Any image in the records is to be dropped, and everything else duplicated precisely.

======== Task data

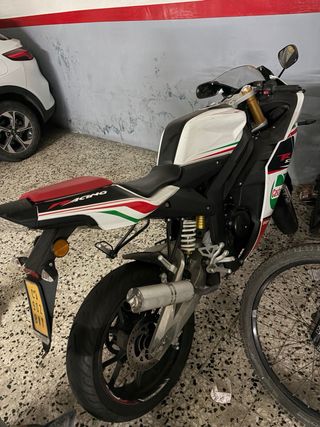 Rieju RS3 50cc Roja y Blanca 3000 kms como nueva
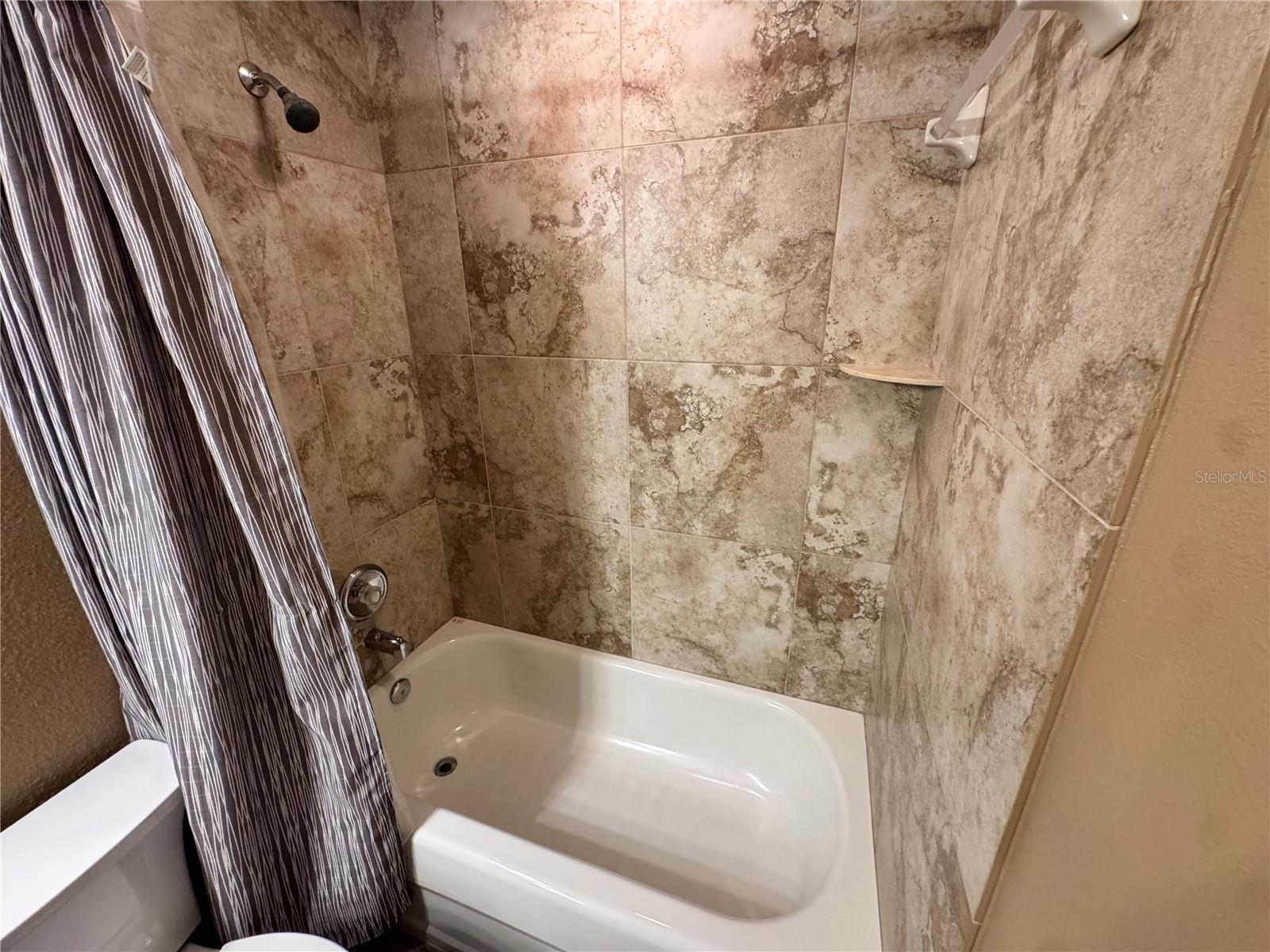 6315 ROSEFINCH CT #101, LAKEWOOD RANCH, FL, 34202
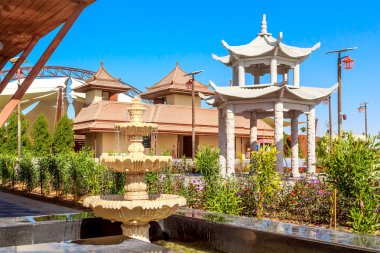 Dubai, Birleşik Arap Emirlikleri - 30 Aralık 2017. Modern peyzaj Dubai Al-Warka içinde Safari Parkının. Dubai Safari Park nerede hayvan--dan dünyanın her yerinden toplanan Dubai'de bir parktır. Canlı hayvanlar doğal şartlarda.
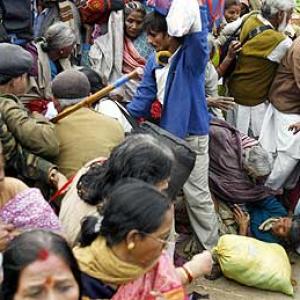 Seven killed in stampede at Gangasagar mela
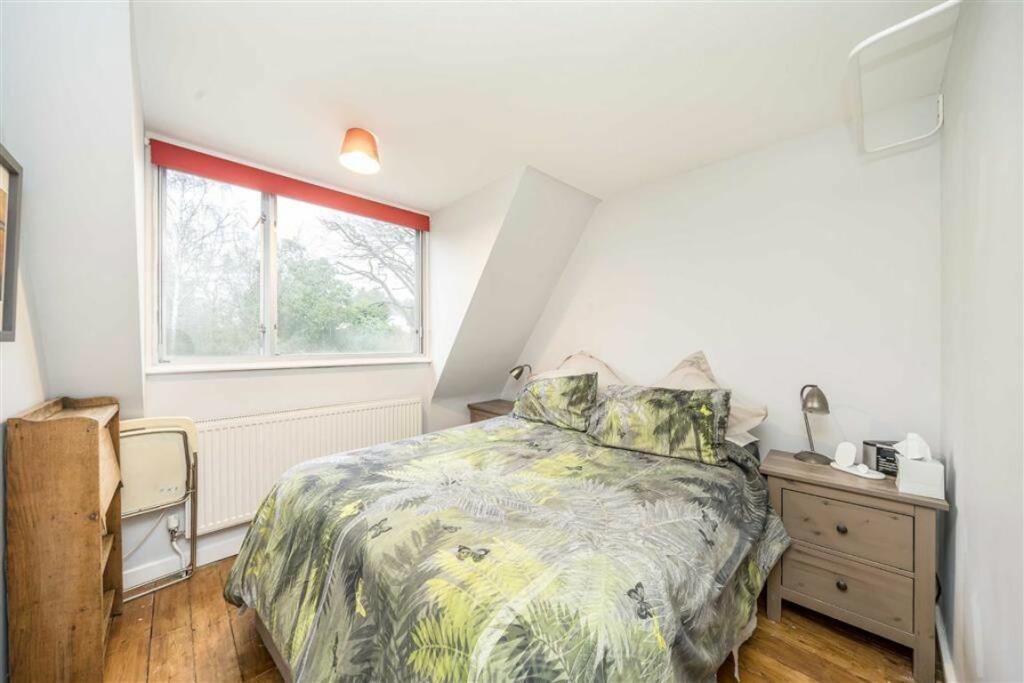 Additional image 7 of Clifford Avenue, Chislehurst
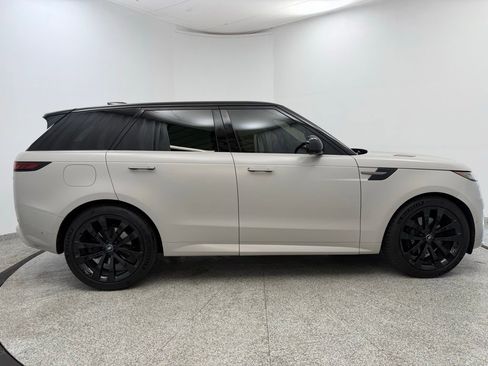 Used 2023 Land Rover Range Rover Sport SE Dynamic image 51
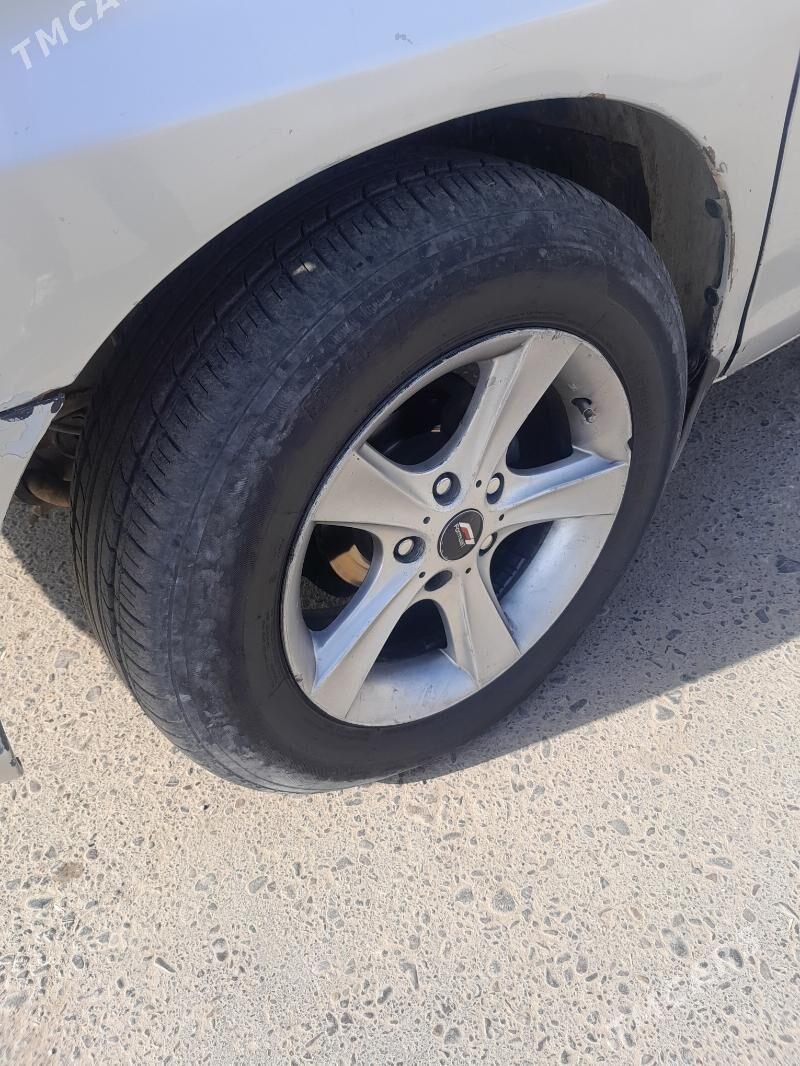 Toyota Hiace 2001 - 55 000 TMT - Байрамали - img 7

================

Task answer:
 Rieju RS3 50cc Roja y Blanca 3000 kms como nueva
 6315 ROSEFINCH CT #101, LAKEWOOD RANCH, FL, 34202
 Dubai, Birleşik Arap Emirlikleri - 30 Aralık 2017. Modern peyzaj Dubai Al-Warka içinde Safari Parkının. Dubai Safari Park nerede hayvan--dan dünyanın her yerinden toplanan Dubai'de bir parktır. Canlı hayvanlar doğal şartlarda.
 Seven killed in stampede at Gangasagar mela
 Additional image 7 of Clifford Avenue, Chislehurst
 Used 2023 Land Rover Range Rover Sport SE Dynamic image 51
 Toyota Hiace 2001 - 55 000 TMT - Байрамали - img 7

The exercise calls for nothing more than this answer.